倪白盯着晶莹剔透的鱼肉,迟迟未动筷。他不爱吃鱼,幼时鱼刺总是刺破口腔喉咙,锋利的像针。
“殿下今日怎有雅兴一同用晚膳?”他抬头问道。
甘筱放下碗筷,挥手屏退布菜的人。“爱妃不喜欢?”
倪白没说话,但眉宇间的抗拒已不言自明。
甘筱不再看他,自顾自地夹起那道鱼,从容送入口中。
倪白收回视线,将碗里的鱼肉咽下,清蒸鲈鱼,十分鲜美。
这顿晚膳吃得异常安静,连筷子碰撞的声响显得刺耳,食物都变得索然无味。
直到离开,甘筱都未有任何动作,只是安安静静的吃饭。倪白原准备见招拆招,却不料对方以静制动,倒让他一时无所适从。
但他最擅长的,便是等待。
回到寝殿,倪白将河道所见之物细细临摹,命元元送往风云楼查探。
又是杳无音讯的三天,不仅如此,这三天里甘筱也是踪迹全无。晚上睡在偏殿,白天见不到人,丝毫没有来找他的意思,也没有要来害他的意思。
仿佛先前的种种都是他的错觉,只是虚惊一场。
第三日黄昏,元元回来了,带回两袋沉甸甸的金锭。风云楼的规矩:若无消息,双倍奉还。
倪白看着两袋子金锭心里了然,连皇子暗卫杀死大师都能查清的风云楼,竟对那河道工程一无所知,此事恐怕比他想象的更为复杂蹊跷。
月明星稀,夏虫低鸣。倪白换上夜行衣,借着守卫换岗的间隙潜入密道,悄然来到张漾住处。院内漆黑一片,唯有马厩中几双眼睛在月光下闪着亮,他与那匹骏马对视片刻,伸手摸了摸。
须臾,一道黑影牵着马匹消失在夜色中。马蹄声被潺潺水声掩盖,倪白举着火折子来到河边。不再有人,河里堤坝模样的东西倒是这几天没有改变,他走过去查看附近的工序,都很正常,每个工序单拎出来他都明白,但是组合在一起他就不是很懂,因为这些东西根本互不相关。

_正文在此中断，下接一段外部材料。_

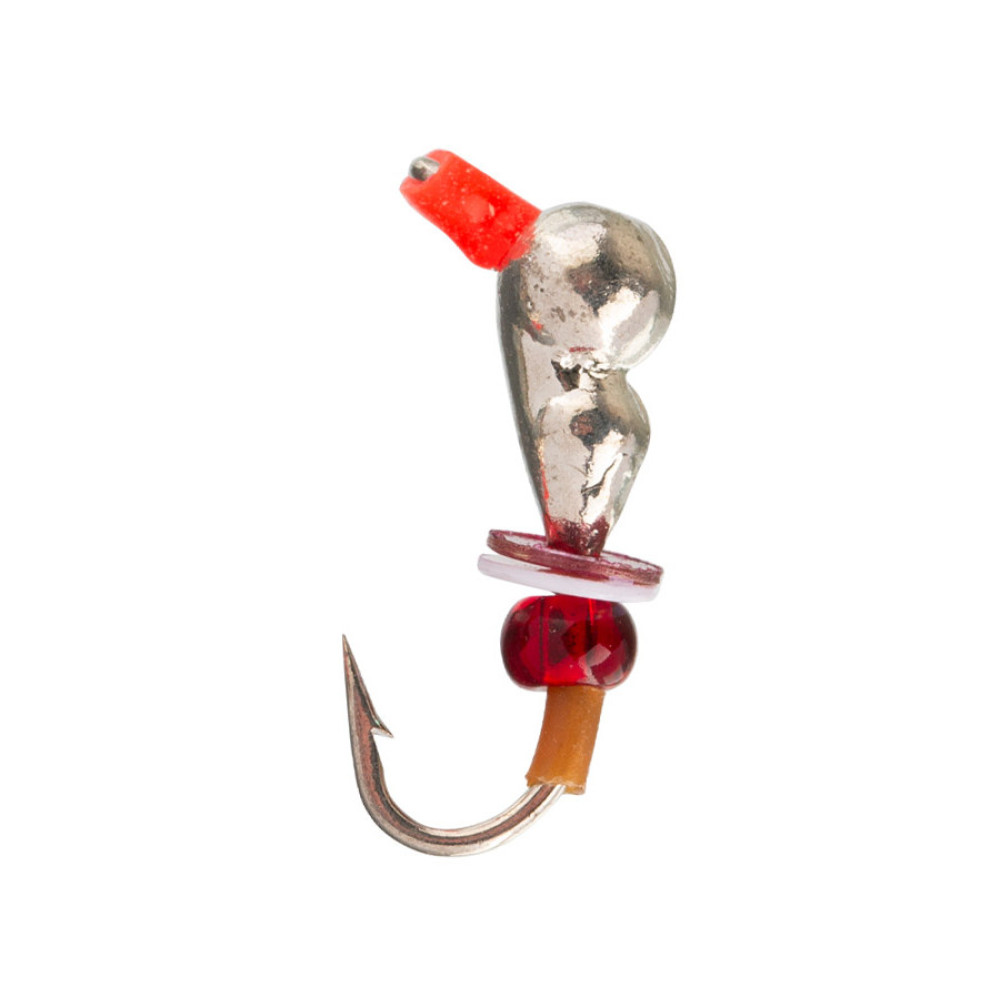 Мормишка вольфрамова Flagman Самиця мурашки з вушком паєтки і кембрик d=3мм срібло, P5525-2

他观察的很仔细,在脑海里记住,打算回去之后继续向风云楼打听每一步具体的用处,再详细分析具体的用处。
*
又相安无事度过了五六七八天。在这期间,倪白拜访了皇后、太后,二人都很和善,虽然都有着距离感但身体精神状态看起来都很好。
他微微放心下来。
但是任凭他日日前往,对方也对此没有任何表示,就是彻彻底底的晾着他,两人甚至再没见过面。
倪白坐不住了,约了人后来到荷花池边,望着水中的涟漪,坐在了一个极刁钻的角度。
这一刻,他甚至希望身后有一双手,然而,四周寂静,蜻蜓点水的声音都格外明显。
良久,想等的人都没来。
他心底涌现出很复杂的情绪,万幸刺杀的人不是她,又疑惑为何不是她。
不久,皇子妃名存实亡的消息不知怎么就传开了,一时坊间流言四起,说她失了清白之身,又或是欲暗杀嫡女抢夺皇妃之位,更有甚者说她欲取代皇子继承大统。
有些事情一旦有了苗头便会像瘟疫一样传播扩散,久久不能结束。
很快,甘府便有人进宫来了。主母和差点“死”掉的嫡女毕恭毕敬地行礼,尽管二人眼神中还带着幸灾乐祸的神情,但毕竟身家性命不在甘父身上了,更多的转移到了这个皇子妃身上。
诸多传言要是闯入了皇子本人甚至是圣上耳中,甘家定是百口莫辩,为此甘父不惜花重金压下,但收效甚微。甘母看着白花花的银子每日流水般涌出,着实肉疼,心里更是责怪怨恨甘筱,本以为到了宫里能安生些,没成想更是不老实,惹出层出不穷的事端。
“母亲,今日怎么这么有空?”倪白坐在上面,语气冰冷。
“你在这清高什么?要不是我们散尽家财为你奔波,你还能这么安稳的坐在这吗?!”甘露看着对方脸上高高在上的清冷感就气不打一处来,那种高高在上的姿态让她心生不悦。
倪白看着面前义愤填膺的女子,还没开口,远处就有熟悉的声音响起,“不是她坐在这,难道是你吗?”
对方脚步很快,气息微喘,一副风尘仆仆地样子,看起来是刚从那个河道回来。
“殿下。”他规矩行了个礼,将主座让了出来。
甘筱毫不客气地坐下,如果说刚才坐在座位上的倪白是一脸冷漠的模样,那现在坐着的甘筱就是骨子里散发的寒意,更冷还带着一丝毒。
甘氏母女二人被盯的发毛,忙起身行礼,但对方迟迟不回话,二人只能维持着动作不敢轻举妄动。
“坐吧。”甘筱轻轻地说。
“谢殿下。”二人忙起身要坐,对方又开口了,周身气压也随之一降再降,“如今倒是能听懂话了?”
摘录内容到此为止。